Ist ein Einsatz von Behandlungsplatzbereitschaften (NRW) oder MTF’s im Rahmen des Ukraine-Konflikts im Ausland denkbar?

Eine interessante Frage, die mir am Wochenende gestellt wurde! Die Antwort lässt sich aus meiner Sicht nur mehrteilig geben, wobei ich militärische Hilfeleistungsstrukturen hier bewusst nicht betrachte und mich auf zivile Ressourcen beschränke.
Hinweis: das hier sind, wie alles in meinem Blog, meine höchstpersönlichen Gedanken; sie dienen wie immer der Klärung meiner eigenen Überlegungen und sind keineswegs als „offizielle“ oder auch nur „offiziöse“ Stellungnahme zu werten.
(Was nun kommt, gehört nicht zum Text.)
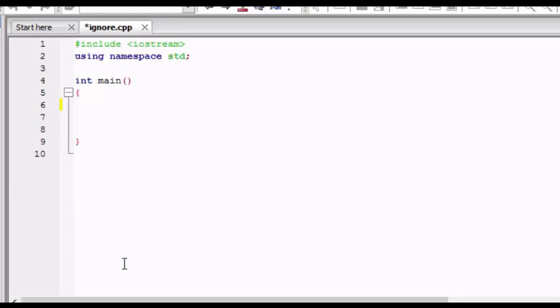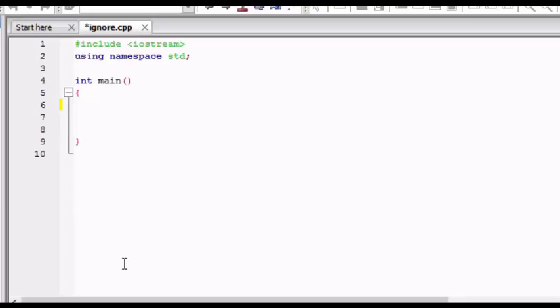There is a problem in C++. If you are taking an input as a character then you give a long string like if you are taking input as a character and you write Anvit space Sharma, it will take a single character from the whole Anvit Sharma. It will take single A as a value for the first character, and if you take the second input from the user it will automatically get transferred. The next character after A will directly get transferred to the next character variable.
  1. die rechtliche Seite:
    Medizinische Task-Forces (MTF) oder, wie sie in NRW aufgestellt sind, „Behandlungsplatzbereitschaften“, sind Teil des Katastrophenschutzpotentials Deutschlands. Der Katastrophenschutz ist Teil des Zivilschutzes und daher sind sie auch für den Einsatz im bewaffneten Konflikt vorgesehen. Darüber hinaus ist das sog. „Europäische Gemeinschaftsverfahren“ darauf ausgerichtet, dass EU-Mitgliedsstaaten sich bei Bedarf gegenseitig in Not- und Katastrophenfällen unterstützen.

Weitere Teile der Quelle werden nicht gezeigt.